Entre el dolor y la esperanza
Oaxaca, nuestro estado libre y soberano, tal como fue definido por el movimiento de la Independencia en el año de 1823, como en algunos otros momentos de su historia, está al borde de una guerra civil. Esta dolorosa situación es producto de las agresiones e injusticias a que hemos sido sometidos diversos sectores de la sociedad oaxaqueña, en particular los pueblos indígenas, por un régimen político y económico que ha privilegiado sus propios intereses, muy por encima de los reclamos y las aspiraciones comunes de las mayorías.
No debería ser así.
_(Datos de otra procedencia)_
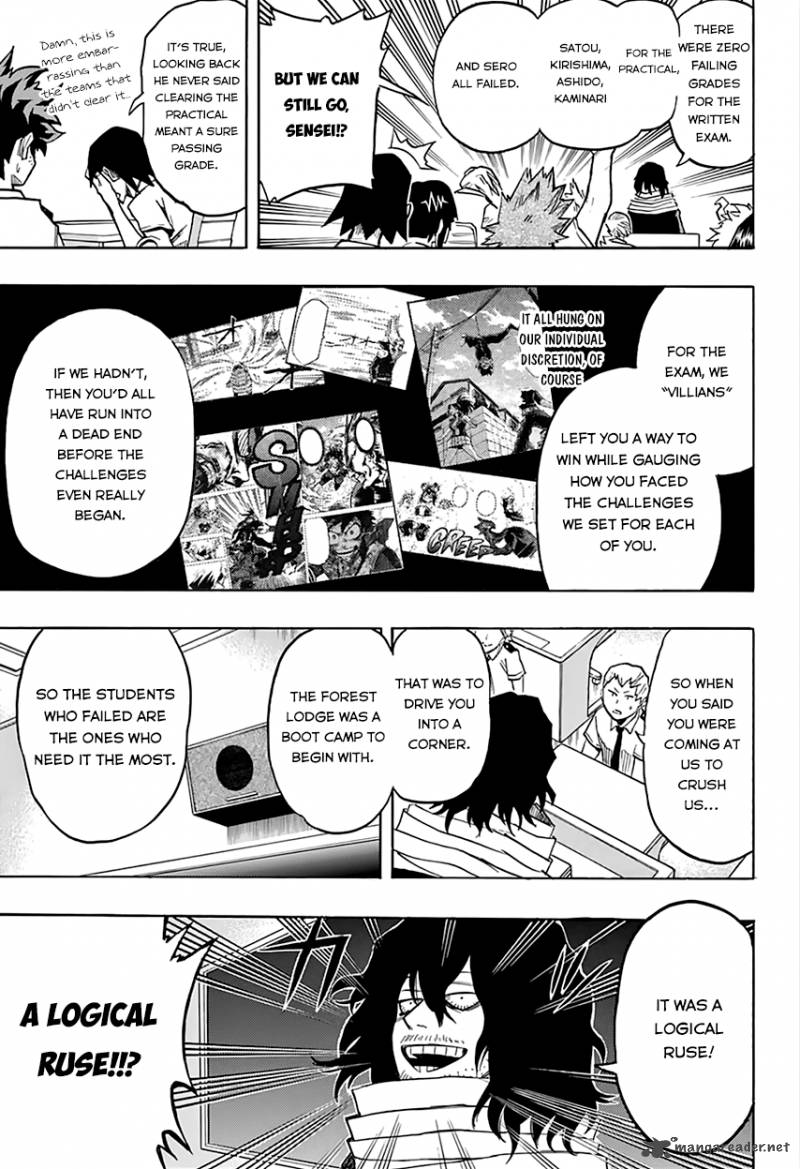Read MY HERO ACADEMIA EN Manga Online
Ningún pueblo, ninguna sociedad, busca por deseo espontáneo el levantamiento o la confrontación con las autoridades establecidas. Pero la indignación y el hartazgo contra las sistemáticas injusticias de las autoridades permiten, incluso justifican, la necesidad de una rebeldía, civil y pacífica, como ahora lo estamos viendo y viviendo en Oaxaca.
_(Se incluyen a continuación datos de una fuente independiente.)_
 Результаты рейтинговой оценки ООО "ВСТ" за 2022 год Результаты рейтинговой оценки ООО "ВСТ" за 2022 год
Antes del recordado 14 de junio, fecha en que la policía del gobierno estatal intentó desalojar a los maestros del zócalo capitalino, las calles del Centro Histórico eran permeadas por las demandas magisteriales, en particular el tema de la rezonificación, como parte de la rutina anual del magisterio democrático oaxaqueño. Con el intento de desalojo, el gobierno estatal mostró su verdadero rostro de violencia, tal como impunemente lo han venido haciendo en nuestros pueblos indígenas para tratar de acallar las demandas de autonomía y justicia.
Ante este hecho atroz, los habitantes de la ciudad y del campo salieron de sus casas para decir no a la violencia. La violencia oficial e impune fue la gota que derramó el vaso en un contexto de agravios acumulados. Fue la violencia el talón de Aquiles de un gobierno que se dedicó a promover el encono y la confrontación entre hermanos y pueblos. Así fue como ellos mismos crearon el escenario de ingobernabilidad que ahora parece ahogarnos a todos.
Desde entonces en Oaxaca hay la suficiente claridad para decir que ninguna persona puede usar la violencia, sea verbal o física, como método de gobierno. Y quien quiera usarla se descalifica a sí mismo como gobernante. Y este es quizá el argumento más contundente para que el gobernante oaxaqueño que haya recurrido a la violencia renuncie al poder que ya no tiene, o en su caso intervengan las autoridades federales, en particular el Senado de la República, para que declare la desaparición de los poderes estatales y nombre un gobierno provisional. Lo anterior no como una condición, sino en ejercicio de un derecho ciudadano y en atención a las responsabilidades que la Constitución señala.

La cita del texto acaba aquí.